Raw data:
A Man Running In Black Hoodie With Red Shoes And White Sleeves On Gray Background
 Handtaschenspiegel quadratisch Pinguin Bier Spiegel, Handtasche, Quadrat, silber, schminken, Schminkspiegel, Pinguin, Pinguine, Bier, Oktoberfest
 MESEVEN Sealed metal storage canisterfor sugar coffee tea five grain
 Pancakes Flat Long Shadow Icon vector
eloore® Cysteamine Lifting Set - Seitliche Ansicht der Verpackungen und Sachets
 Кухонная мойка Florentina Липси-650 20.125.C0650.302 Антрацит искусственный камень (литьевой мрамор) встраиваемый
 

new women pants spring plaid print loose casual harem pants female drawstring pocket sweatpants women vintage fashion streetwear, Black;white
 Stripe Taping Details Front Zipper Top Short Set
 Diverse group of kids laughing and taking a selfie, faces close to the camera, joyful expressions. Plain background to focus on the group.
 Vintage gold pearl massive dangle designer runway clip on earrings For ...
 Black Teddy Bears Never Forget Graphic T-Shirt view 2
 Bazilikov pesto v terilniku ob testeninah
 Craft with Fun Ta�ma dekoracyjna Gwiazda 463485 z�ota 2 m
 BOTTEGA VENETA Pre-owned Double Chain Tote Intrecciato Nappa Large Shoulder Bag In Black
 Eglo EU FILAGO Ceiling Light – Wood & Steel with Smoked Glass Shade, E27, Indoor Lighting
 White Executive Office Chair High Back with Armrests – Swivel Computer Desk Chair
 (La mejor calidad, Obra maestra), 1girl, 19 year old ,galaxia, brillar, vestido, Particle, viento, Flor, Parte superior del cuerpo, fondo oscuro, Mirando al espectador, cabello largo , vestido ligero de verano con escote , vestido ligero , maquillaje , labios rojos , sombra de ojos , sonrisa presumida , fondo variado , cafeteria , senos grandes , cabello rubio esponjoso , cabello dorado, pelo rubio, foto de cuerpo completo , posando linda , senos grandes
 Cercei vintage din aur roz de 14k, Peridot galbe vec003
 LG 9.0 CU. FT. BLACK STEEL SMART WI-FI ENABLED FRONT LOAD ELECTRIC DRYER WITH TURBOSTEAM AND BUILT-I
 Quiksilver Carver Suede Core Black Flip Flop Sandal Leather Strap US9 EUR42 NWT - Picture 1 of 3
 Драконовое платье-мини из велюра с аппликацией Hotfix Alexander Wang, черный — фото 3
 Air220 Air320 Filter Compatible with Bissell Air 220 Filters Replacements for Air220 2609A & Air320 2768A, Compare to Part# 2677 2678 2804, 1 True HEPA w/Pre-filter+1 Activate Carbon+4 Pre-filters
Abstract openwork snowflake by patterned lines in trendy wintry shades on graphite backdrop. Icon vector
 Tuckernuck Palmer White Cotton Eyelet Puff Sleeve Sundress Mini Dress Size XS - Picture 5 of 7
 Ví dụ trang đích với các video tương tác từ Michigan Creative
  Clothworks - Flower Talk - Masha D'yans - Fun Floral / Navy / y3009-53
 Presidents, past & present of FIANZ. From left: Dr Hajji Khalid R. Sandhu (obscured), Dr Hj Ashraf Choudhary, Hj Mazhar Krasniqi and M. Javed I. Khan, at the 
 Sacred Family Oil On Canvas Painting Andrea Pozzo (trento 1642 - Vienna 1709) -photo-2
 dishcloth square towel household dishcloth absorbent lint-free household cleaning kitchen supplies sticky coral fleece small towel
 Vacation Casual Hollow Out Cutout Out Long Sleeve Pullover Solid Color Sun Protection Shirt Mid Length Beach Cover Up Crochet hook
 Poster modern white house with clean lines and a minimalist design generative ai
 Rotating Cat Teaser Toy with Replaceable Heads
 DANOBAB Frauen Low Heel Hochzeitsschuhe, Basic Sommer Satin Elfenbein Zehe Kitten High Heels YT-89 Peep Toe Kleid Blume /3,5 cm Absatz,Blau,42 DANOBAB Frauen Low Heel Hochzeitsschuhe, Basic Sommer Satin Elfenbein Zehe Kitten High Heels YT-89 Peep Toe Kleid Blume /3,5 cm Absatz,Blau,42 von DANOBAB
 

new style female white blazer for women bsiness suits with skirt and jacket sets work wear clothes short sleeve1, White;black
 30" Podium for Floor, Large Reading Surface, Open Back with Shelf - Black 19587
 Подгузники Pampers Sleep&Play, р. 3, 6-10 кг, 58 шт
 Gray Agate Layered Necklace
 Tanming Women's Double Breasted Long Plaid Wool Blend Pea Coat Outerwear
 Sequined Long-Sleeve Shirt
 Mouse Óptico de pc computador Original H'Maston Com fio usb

What to work on: Read the data above. Pull out each line in which the string "lines" appears.

Worked solution:
Abstract openwork snowflake by patterned lines in trendy wintry shades on graphite backdrop. Icon vector
 Poster modern white house with clean lines and a minimalist design generative ai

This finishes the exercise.